Not every exploration into new territory need be a super meaningful one.  Sometimes a session or two is enough for you to decide whether you want to bother investing more time into it or whether it (or the teacher for that matter) is just not your cup of tea.


----------



## Flying Crane (Apr 5, 2011)

dancingalone said:


> Michael, I agree with 99% of what you're saying. That said, Manny is obviously searching for something to supplement/replace his existing TKD training with. Comparing kata with his friend may be a good way for him to decide if karate (Shito-ryu, that is) is for him or not.
> 
> Not every exploration into new territory need be a super meaningful one.

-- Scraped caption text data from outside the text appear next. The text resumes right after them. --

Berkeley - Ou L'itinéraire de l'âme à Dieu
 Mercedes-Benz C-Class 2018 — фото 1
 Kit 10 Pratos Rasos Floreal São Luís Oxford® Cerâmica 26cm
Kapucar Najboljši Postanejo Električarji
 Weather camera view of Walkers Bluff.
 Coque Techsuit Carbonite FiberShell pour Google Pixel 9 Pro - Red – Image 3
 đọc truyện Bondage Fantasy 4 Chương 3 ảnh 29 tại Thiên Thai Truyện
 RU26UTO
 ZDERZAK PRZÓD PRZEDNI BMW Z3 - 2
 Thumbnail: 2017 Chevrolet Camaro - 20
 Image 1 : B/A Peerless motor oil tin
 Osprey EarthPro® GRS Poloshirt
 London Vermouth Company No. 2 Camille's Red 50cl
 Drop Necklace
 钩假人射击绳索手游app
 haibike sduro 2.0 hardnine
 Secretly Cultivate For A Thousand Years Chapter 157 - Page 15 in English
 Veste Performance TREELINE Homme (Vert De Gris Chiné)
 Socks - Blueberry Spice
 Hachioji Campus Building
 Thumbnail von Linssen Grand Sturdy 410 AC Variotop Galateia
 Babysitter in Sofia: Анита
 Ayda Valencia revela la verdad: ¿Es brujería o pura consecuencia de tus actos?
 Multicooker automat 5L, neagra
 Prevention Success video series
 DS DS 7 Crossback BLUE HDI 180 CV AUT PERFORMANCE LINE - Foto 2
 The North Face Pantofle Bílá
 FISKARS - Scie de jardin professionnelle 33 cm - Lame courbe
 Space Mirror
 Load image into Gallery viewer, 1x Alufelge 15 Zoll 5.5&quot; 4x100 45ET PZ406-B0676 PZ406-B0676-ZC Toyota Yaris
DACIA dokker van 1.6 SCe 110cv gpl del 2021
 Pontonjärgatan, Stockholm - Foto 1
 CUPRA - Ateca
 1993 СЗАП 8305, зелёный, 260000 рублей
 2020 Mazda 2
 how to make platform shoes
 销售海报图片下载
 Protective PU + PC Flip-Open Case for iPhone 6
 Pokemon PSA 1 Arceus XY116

Sometimes a session or two is enough for you to decide whether you want to bother investing more time into it or whether it (or the teacher for that matter) is just not your cup of tea.


 
very good points, I agree.


----------



## Bill Mattocks (Apr 5, 2011)

Sanchin is for everyone.  You don't even have to be a martial artist to practice sanchin kata.  It's got what you need.

Sanchin breathing is even being noted now as being beneficial to your life and health.  Westerners breathe wrong starting soon after birth.  We breathe from the top, expanding our ribcage to take in air.  We weren't designed to work that way.  Sanchin breathing emphasizes breathing from the diaphragm, as we were designed to breath in the first place.  This brings in more air, and distributes it better in the lungs to give more oxygen to the lung tissue which needs it.  In through the nose, out through the mouth.

Low centered balance with a gripping or rooted stance teaches staying over your one-point, keeping your power in your hara, develops chinkuchi.

I am a mere beginner, but I already know the good it has done me.  It informs all my other kata, all my stances, all my breathing.  Everything is sanchin.

I'd recommend it for anyone.  Learn as much or as little of it as you can absorb; it's got more and more to offer as you get into it, but there is plenty for even the beginner like me.


----------



## Never_A_Reflection (Apr 5, 2011)

I think that trading forms is very interesting and can be a huge benefit  to both parties, but you have to be knowledgeable AND willing to learn.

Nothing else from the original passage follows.